Review of Emily

Emily (2022)
A worthy and imaginative addition to the canon of Emily Bronte bios.
26 February 2023
"How did you write Wuthering Heights?" Charlotte "I took my pen and put it to paper," Emily (Emma Mackey) "There is something more, something you are hiding from me." Charlotte

"Something more" is what new bio-Emily explores. It's not about Emily Dickenson, but it could very well be. Like the secretive poet, a reclusive artist of the 19th century, Emily Bronte, is the subject of this lovely and imaginative film as it imagines a more robust life than the demur novelist lived, one where we could see the intimations of her gothic romance, Wuthering Heights, in the tumult of a parsonage on the Yorkshire moors and a love to mold fictionally into Heathcliff, the troubled hero of the novel-one of the greatest ever penned in English.

Frances O'Connor, an actress for thirty years turned writer and director and Emma Mackey doing a stormy star turn as Emily help create a memorable biography that stands proudly beside the recent Bright Star (2009) and A Quiet Passion (2016).

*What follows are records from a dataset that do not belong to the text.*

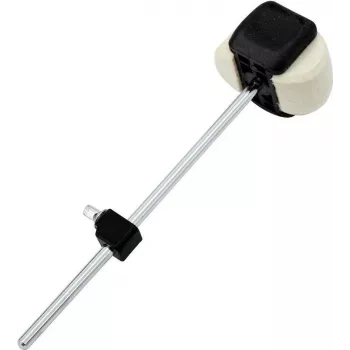DIMAVERY BDB-10 double-sided bass drum beater 26040220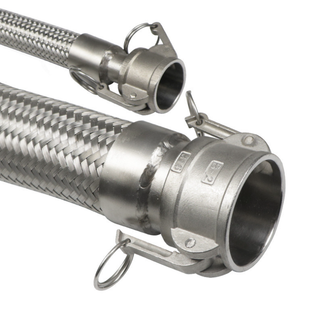 Corrugated Metal Hose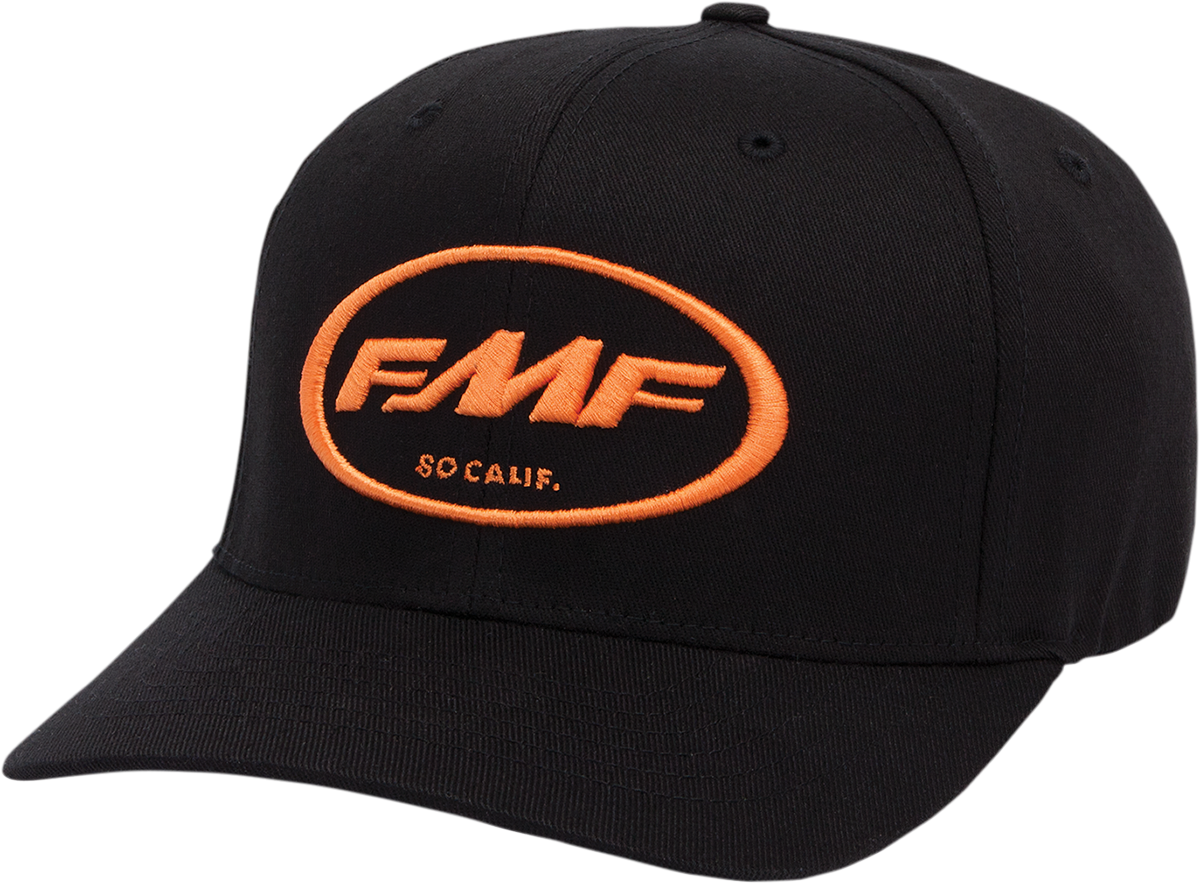 Factory Don 2 Flexfit® Hat - Orange - Large/XL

Not to be forgotten are Devotion (1946) with Ida Lupino as Emily and The Bronte Sisters (1979) with Isabelle Adjani as Emily. The role brings out the best in actresses, Moreso with Mackey, whose face was born to be in front of a camera.

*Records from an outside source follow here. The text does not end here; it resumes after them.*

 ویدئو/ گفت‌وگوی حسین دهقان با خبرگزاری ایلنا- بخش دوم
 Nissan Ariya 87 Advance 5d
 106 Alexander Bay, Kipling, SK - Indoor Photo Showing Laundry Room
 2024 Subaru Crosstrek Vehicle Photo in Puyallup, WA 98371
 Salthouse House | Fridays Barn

No one who has walked the moors of Yorkshire parish and drank in the Haworth pub can deny the influence the barren landscape and fast-running ale could affect any of Emily and Charlotte's romantic characters. Being daughters of curate Patrick (Adrian Dunbar), the ladies and other sister, lesser artist Ann, can dream only of being teachers, hardly acclaimed writers. Alas, they can dream of being artists, about the only worthy profession open to them as long as they assume masculine names.

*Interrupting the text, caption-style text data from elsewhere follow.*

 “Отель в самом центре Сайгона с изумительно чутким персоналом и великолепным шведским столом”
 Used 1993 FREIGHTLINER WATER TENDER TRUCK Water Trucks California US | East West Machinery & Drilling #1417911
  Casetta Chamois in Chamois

Although this cinematic take is rife with poetic license, the spirit of that dynamic family and its artistic children, includes dissolute artist, brother Branwel (Fionn Whitehead), with whose incestuous yearnings O'Connor titillates the audience. The brooding landscape, captured in clouds and perpetual rain by cinematographer Nanu Segal, could have turned Emily into a brooding, rebellious writer of a classic novel for all times.

O'Connor's romantic curate, William Weightman (Oliver Jackson-Cohen), impossibly handsome, and Emily engage in tempestuous romance to rival that of Cathy and Heathcliff of WH fame. This "Emily" is brimming with sensibility and chaos, also conditions that will turn Charlotte into the world-class author of Jane Eyre. My oh my, what a family.